Quels seront les différents axes du colloque « Proust et les écrans » ?
Le colloque se propose d’aborder principalement deux axes, pour ainsi dire symétriques : Proust sur les écrans (petits et grands) et l’écran chez Proust (dans la Recherche, principalement).
L’axe de départ concerne la « fortune » de Proust, certes, au cinéma (on en a déjà parlé), mais surtout sur le web (ce qui est encore inédit, à ma connaissance).
Il nait dans la mouvance de l’enquête que j’avais menée sur le « passage à gué » du nom de Charlus du roman à la Toile (Neologica 5, 2011). Il part de l’idée que le partage des goûts et des passions s’exprime et se joue maintenant de plus en plus souvent sur le web, ce qui fait naitre quantité de sites perso, de blogs, de lettres de diffusion, de forum, de carnets de recherche. On aimerait établir une sorte d’état des lieux de la Toile qui accueillent un écho de Proust, pour comprendre qui en parle, comment, pour qui, pourquoi et avec quels effets sur la connaissance et la fruition directe de l’œuvre.

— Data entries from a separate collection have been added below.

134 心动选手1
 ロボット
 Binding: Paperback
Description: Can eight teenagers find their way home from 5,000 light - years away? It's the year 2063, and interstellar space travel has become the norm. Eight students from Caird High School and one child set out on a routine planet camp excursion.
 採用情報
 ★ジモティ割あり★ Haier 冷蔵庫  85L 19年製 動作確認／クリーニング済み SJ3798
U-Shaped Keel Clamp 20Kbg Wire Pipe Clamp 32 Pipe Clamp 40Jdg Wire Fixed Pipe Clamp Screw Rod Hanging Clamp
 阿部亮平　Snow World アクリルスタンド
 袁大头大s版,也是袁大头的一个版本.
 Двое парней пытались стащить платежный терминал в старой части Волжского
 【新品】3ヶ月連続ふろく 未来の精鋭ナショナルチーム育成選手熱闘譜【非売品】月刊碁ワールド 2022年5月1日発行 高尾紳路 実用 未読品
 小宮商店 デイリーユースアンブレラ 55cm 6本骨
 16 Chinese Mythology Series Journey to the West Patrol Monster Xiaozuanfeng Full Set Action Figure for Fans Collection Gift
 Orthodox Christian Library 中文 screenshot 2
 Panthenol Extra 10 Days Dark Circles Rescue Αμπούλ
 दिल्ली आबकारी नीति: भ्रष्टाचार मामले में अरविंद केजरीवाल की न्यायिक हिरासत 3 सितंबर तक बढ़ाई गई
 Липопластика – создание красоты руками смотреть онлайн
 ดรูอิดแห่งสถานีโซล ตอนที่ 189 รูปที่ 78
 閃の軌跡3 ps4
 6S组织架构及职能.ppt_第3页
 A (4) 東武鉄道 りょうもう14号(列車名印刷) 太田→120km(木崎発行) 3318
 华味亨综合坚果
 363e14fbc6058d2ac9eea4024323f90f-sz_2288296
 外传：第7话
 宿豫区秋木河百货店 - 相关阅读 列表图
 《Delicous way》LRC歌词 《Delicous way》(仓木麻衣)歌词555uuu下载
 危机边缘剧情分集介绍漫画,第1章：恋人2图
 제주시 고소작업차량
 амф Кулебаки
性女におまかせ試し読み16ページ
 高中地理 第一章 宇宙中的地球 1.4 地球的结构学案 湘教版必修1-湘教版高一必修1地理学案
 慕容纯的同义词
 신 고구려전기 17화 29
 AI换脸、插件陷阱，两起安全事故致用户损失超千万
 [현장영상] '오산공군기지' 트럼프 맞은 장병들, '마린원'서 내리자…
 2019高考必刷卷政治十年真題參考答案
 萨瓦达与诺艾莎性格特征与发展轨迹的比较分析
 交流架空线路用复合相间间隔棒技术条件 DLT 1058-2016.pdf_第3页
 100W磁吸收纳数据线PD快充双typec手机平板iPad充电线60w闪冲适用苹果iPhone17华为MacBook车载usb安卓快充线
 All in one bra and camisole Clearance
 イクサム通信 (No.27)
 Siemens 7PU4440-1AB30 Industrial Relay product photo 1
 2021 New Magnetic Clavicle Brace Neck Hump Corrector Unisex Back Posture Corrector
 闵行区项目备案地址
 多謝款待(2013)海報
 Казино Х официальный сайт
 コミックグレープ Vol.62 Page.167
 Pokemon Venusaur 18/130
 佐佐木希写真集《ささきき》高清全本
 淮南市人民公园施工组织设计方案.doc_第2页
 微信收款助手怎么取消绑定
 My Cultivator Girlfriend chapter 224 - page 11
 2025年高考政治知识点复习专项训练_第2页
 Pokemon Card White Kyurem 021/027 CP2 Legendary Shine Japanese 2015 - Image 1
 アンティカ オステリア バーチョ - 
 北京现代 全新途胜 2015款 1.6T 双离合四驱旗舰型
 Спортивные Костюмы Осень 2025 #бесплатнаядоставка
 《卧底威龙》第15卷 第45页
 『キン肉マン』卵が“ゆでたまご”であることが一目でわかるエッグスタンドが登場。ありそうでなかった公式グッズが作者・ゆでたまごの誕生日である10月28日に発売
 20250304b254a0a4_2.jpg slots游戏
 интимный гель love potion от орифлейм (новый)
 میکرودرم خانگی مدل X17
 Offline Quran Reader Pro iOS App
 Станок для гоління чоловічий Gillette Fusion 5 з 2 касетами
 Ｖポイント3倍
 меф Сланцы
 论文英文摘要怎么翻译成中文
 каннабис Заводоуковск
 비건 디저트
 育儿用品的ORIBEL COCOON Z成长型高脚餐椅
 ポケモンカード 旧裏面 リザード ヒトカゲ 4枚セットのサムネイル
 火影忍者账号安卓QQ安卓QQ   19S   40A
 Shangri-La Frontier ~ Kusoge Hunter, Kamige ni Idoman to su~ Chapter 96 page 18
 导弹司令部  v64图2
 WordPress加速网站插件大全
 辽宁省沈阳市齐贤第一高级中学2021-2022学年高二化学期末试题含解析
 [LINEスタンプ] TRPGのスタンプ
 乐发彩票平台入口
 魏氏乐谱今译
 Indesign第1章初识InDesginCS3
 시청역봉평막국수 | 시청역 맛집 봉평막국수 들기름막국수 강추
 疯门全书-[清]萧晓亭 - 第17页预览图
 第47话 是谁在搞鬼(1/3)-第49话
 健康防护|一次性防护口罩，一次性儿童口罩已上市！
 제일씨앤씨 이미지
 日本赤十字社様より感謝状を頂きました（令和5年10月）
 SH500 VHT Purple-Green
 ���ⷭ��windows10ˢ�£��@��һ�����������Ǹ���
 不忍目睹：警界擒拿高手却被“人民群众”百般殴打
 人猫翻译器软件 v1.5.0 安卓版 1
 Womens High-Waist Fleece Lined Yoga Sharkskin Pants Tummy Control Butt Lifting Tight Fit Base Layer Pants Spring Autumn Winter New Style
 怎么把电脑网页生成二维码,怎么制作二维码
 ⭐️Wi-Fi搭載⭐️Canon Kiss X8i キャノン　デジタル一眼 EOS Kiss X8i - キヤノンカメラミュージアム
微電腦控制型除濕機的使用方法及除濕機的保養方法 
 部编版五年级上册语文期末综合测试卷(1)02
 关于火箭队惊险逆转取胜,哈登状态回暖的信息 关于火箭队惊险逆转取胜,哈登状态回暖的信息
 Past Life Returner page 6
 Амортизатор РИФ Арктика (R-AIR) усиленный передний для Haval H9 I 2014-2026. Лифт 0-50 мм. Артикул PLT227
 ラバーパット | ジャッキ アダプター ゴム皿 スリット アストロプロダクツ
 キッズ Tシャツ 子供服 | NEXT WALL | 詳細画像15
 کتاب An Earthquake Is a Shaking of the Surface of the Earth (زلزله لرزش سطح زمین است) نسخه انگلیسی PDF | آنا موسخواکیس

Le deuxième axe est une alternative offerte à une lecture plus classique, à ceux qui hésitent à changer de support, et à quitter la lettre pour l’écran. L’écran chez Proust ne peut manquer d’inspirer diverses disciplines, de la rhétorique à la thématique, de la stylistique à la phénoménologie.
Que peut-on attendre de nouveau du colloque en ce qui concerne plus spécifiquement le cinéma, un territoire qui a souvent été visité dans le passé ?
Proust au cinéma a en effet déjà intéressé quelques critiques, outre des dossiers de presse à la sortie des films de Schlöndorff, Companeez, Ruiz… Mais je pense qu’il resterait encore beaucoup à dire d’un point de vue plus poétique (au sens technique du terme): par exemple, une comparaison entre les stylèmes de Proust racontant le temps, ou la mémoire, et les procédés et projets cinématographiques destinés à transcoder ou à réécrire les précédents. Il faudrait ici une double compétence poétique du récit, interdisciplinaire, qu’ont rarement les critiques : en cinématographie et en narratologie. Il faudrait aussi se plier à une comparaison plus technique ou plus « artisanale » (au sens le plus noble qui soit du terme), pour dire d’avoir fait le tour de la comparaison entre le roman et tel film. C’est du moins mon avis.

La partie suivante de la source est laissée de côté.